Many of these titles lay the groundwork for the entire Nintendo franchise, with some of their biggest characters appearing on this system for the first time. It hit the UK market priced at £159, which is a figure that VoucherBox have reported that 4 generations of Nintendo consoles, the NES, SNES, N64 and Gamecube, all launched at, in their cool Mario-themed animated infographic.
Then came the NES’s beefed up brother, the SNES – 1990 (Japan)
The Super Nintendo Entertainment System was a platform that enjoyed a huge title base, many of them building upon the success of their NES predecessors, with top games like Super Mario World, Super Metroid, Super Mario Kart, Donkey Kong Country and of course Street Fighter II hitting the console. These games, and SNES as a whole, would go on to be entered into cult status and are still highly sought after by gamers and collectors around the world.

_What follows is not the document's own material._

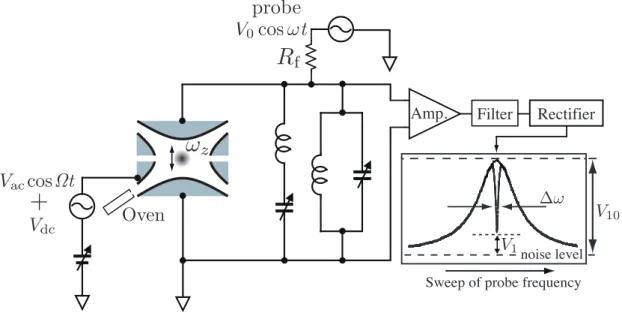 Fig. 2.2 Schematic diagram of the experimental setup for electric resonance detec- detec-tion of trapped ions in radiofrequency (RF) trap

Nintendo enters the 3D world with the N64 – 1996
The N64’s controller was revolutionary in that it contained an analogue thumbstick, making it the first controller to do so in the history of console gaming. This enabled the N64 to release some hugely successful platform games that allowed for a lot of freedom of movement. The result, some of the greatest games ever made: Super Mario 64, The Legend of Zelda: Ocarina of Time, and Goldeneye 007. These games all redefined their respective genres and all rank in Time’s best games of all time list.
The beginning of turbulent times with the Gamecube – 2001
The Gamecube presented a novel offering. It was the first time Nintendo opted to not release a cartridge-based console, despite having stood by cartridges for much longer than its competitors. However, the console was quite unpopular when compared to the other consoles of the time. Ultimately, the Gamecube was the worst performing console of that generation, securing 21.74 million unit sales, compared to Xbox’s 24 million sales, and PS2’s staggering 150 million. However, this doesn’t do the console justice. It still produced some great titles, including Super Mario Sunshine and Mario Kart: Double Dash.

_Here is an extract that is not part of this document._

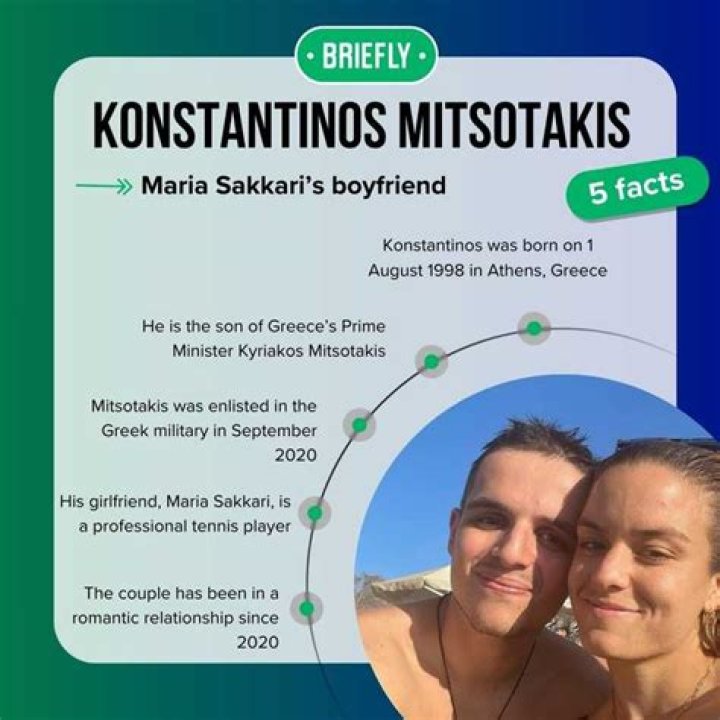 Who Is Konstantinos Mitsotakis? Meet The Husband Or Boyfriend Of Tennis Player Maria Sakkari On Instagram – Are They Married?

Genre-breaking success with the Wii – 2006
Nintendo then enjoyed some great success with the Wii thanks to the console’s innovative motion controls, which helped it scoop up a large portion of the casual gaming market. It brought the video game console back into the family living room and got families round the world playing games together. It even got your Granny playing games. Not many consoles can do that. In fact, the Wii is Nintendo’s most successful console in terms of sales to date, even outselling the much-loved NES.

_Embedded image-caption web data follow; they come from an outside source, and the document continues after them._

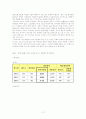 성범죄에 대한 토론 12페이지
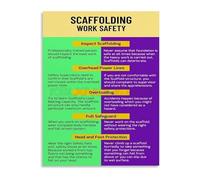 JMVLVLOA Scaffolding Work Procedures Guide Poster Canvas Wall-Art for Construction Site Office and Industrial Decor(Unframed,08x12inch(20x30cm))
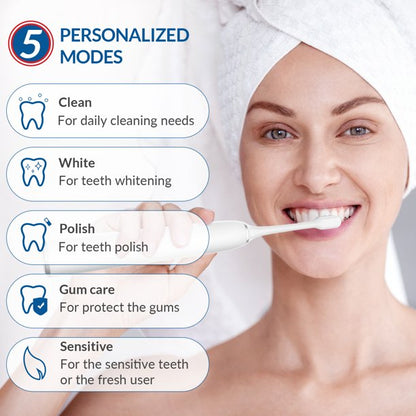 Electric Toothbrush, Ifanze Rechargeable Sonic Whitening Toothbrush With 4 Dupont Brush Heads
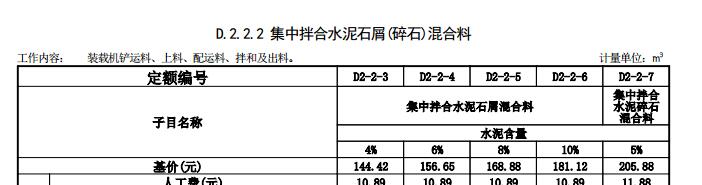 工料机显示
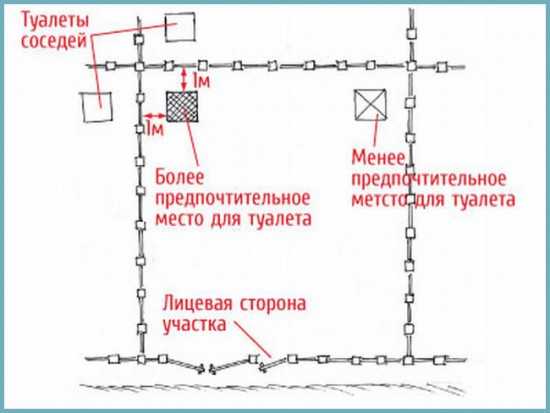 Построить уличный туалет своими руками – варианты и пример поэтапного строительства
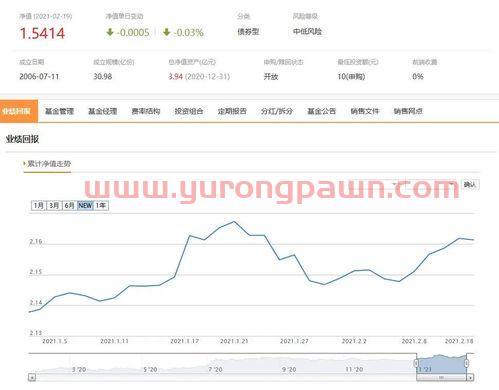 债券投资人怎么买股票基金(债券投资怎么操作)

Incremental change with the Wii U – 2012
Eager to follow on from the Wii’s success, Nintendo then rolled out the Wii U. However, the console didn’t appear to offer much change from the Wii, with this being a reason Nintendo bosses have cited for the console’s struggling sales. The Wii U was a quirky console and saw Nintendo experiment with a myriad of controller types, including the screen enabled Gamepad, as well as the much loved Wii remote, but these quirks were seen as pain points by many.
Resurgence with the Switch? – 2017
The upcoming new console, the Switch, could potentially see Nintendo return to its former glory. Initial reviews are favourable, but there is still lots of scepticism within the gaming world. Do people really want a hybrid console – especially one that is massively underpowered when compared to its home gaming rivals? Only time will tell as the Switch launch rolls out. I also think it feels a bit of a departure stylistically from its general cute, white console design. Perhaps they’re going more for the young adult market as opposed to the family market? A bold move and one whose success may well depend on the games that are released for it.